Because of availablity asking the experts does not work.
Say you have methodically assembled a large and nominally complete fault tree and because you doubt you’ve thought of everything you include a node for “other causes.” At that point your fault tree covers a 100 percent of the failure scenerios. You go to the experts and ask them to help by assigning 100 points (i.e. percentage chance) across the perimeter of the tree.
Why doesn’t that work?
It doesn’t work because studies show that you get radically different answers from the experts if you check their work by varying the fault tree you present. If you have a tree with 10 nodes and you collapse 2 or 3 into the “other causes” node the experts will then raise their estimates for all the remaining causes. Because the nodes you merged into “other causes” are no longer easilly available.
Of course what’s in that “other causes” node is the long tail of contengencies.

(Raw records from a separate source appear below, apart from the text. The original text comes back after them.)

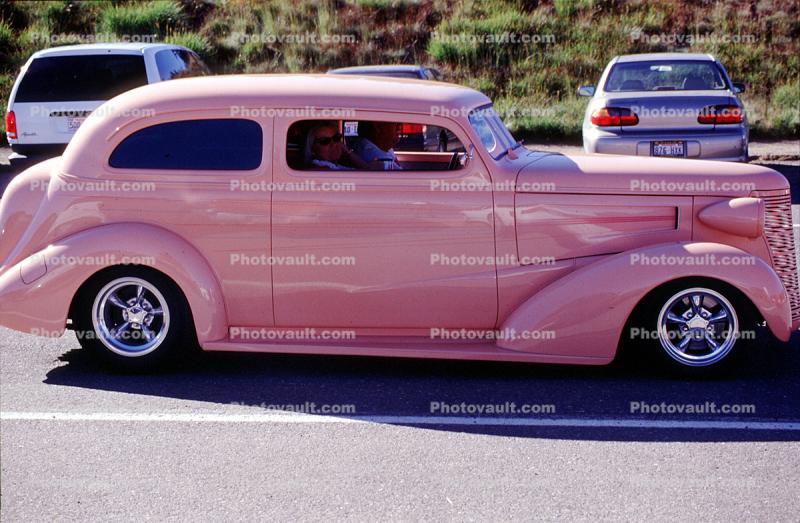 automobile in pink, no need to think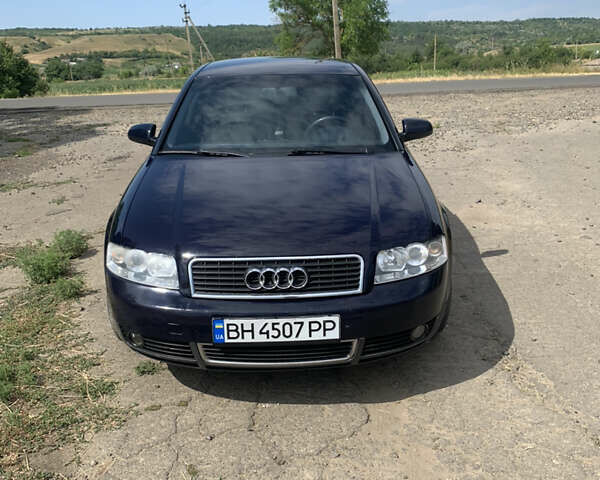 Синий Ауди А4, объемом двигателя 1.98 л и пробегом 200 тыс. км за 4800 $, фото 1 на Automoto.ua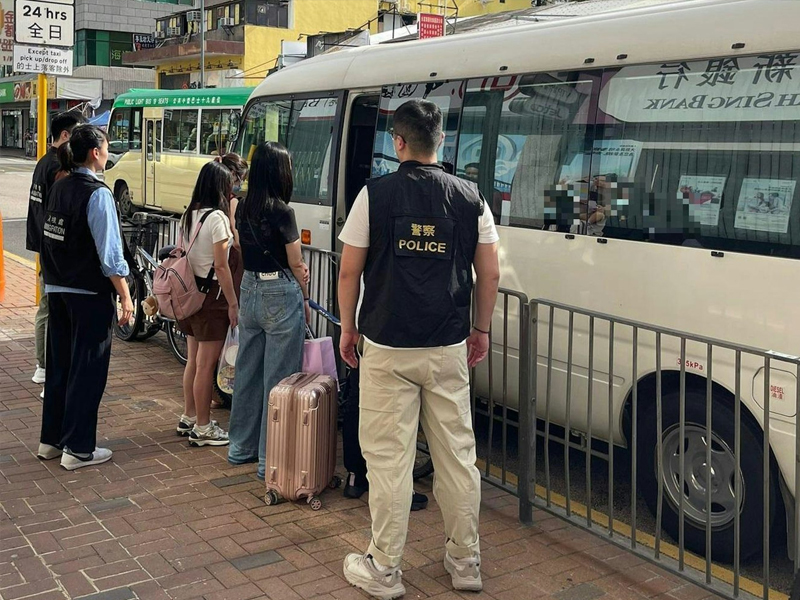 警方聯同入境處掃黃行動，拘捕 12 名內地女子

You imply there are more words that end in ‘r’ than begin with it, which actually matches my guess, based largely on the ‘er’ and ‘or’ suffixes. My /usr/dict/words agrees (2514 vs 3010), but surprisingly the Official Scrabble Players’ Dictionary (2nd edition, I think) disagrees: (7141 vs 6968). That may be due to the OSPD including plurals, roughly doubling the number of ‘^r’ nouns, but not increasing the number of ‘r$’ at all.